Heavy equipment driver working to push snow to the side of the streets after a blizzard

This may seem a little odd, but one of the many hazards you need to be aware of, is snow removal equipment on the streets and highways, especially at night. During the day, they tend to clear the city streets, as they can general make as much noise as they want, and they can be easily seen.  Overnight is when they tend to remove road side snowbanks, as they need to block some lanes to move the snow into a place they can get to it with large equipment, load it up and haul it away. Highway plowing operations are carried out anytime it is deemed necessary. Both highway and urban snow clearing present dangers in our industry for various reasons. In urban settings, most grocery deliveries to warehouses are done at night when traffic flow is low, and parking lot access to loading docks is less hindered. This is also the time most places have crews in to clear the parking lots.
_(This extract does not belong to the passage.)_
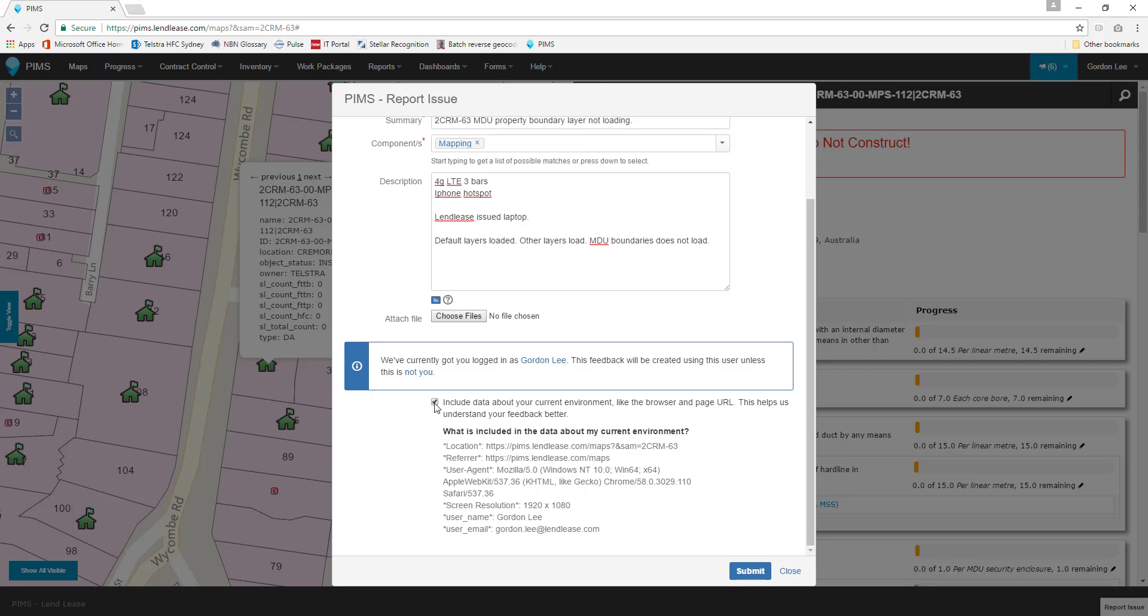The only information that will be attached to the form from your computer is the exact link to where you are in PIMS, the part of the PIMS web system that referred you there, the browser type and update version you are on, your screen resolution, user name, and user email address. No other information is sent or collected.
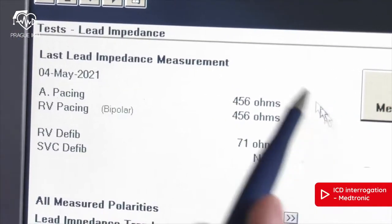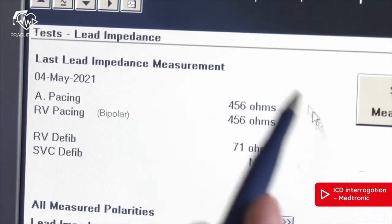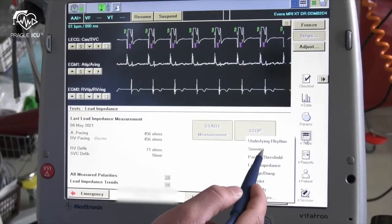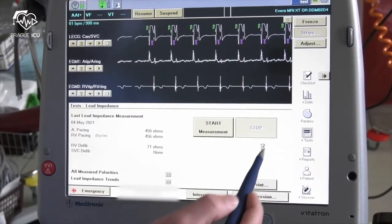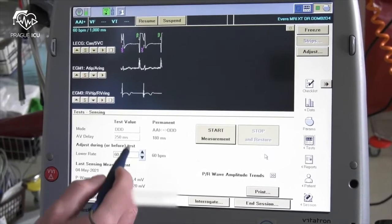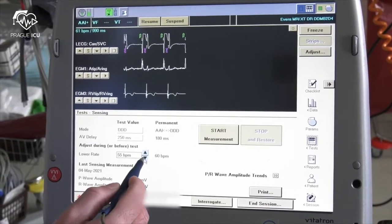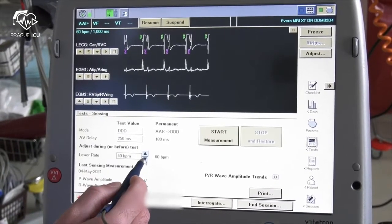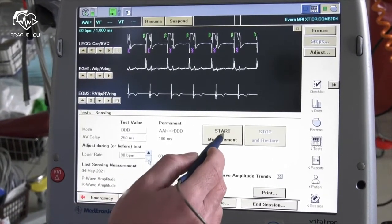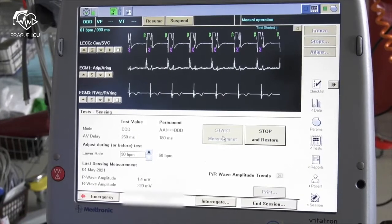For sensing measurements go back to test and choose sensing. Change the lower rate to 30 beats per minute and click to start measurement. Measured values will appear in the left lower part of the screen.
Use extra caution when maneuvering through lots that are being cleared, as the equipment may move in unexpected directions at anytime, and snow piles could be just about anywhere, and may be very difficult to see. Highway snow clearing operations are even more dangerous for a number of reasons. First off, the plows don’t travel very fast, maybe 60 km/h, so you will catch up to them rather quickly. Passing them must be done with the greatest of care, and patience is required. I’m sure we have all seen the video that circulated a few years ago of the truck passing a snow plow and almost causing a head-on collision. If you do decide to pass a snow plow, be certain that you have enough room to safely pass, and remember, the plow operator might not be able to see you, due to the snow swirling around the plow truck. Also remember, he is riding right along the centre line of the road to ensure the entire road surface is plowed. Keep in mind that once you are in front of him, you may well be blazing the trail, and exactly where the road ends and the shoulders and ditches begin may be a guessing game. Unless you are first in line behind the plow, just stay in line, and wait until you are directly behind the plow before attempting to overtake him. I’ve seen too many collisions caused by someone getting impatient and attempting to overtake a line of 6 or 7 vehicles just because they’re in a hurry. Remember, no load or delivery appointment is worth risking your life, or the lives of others on the road.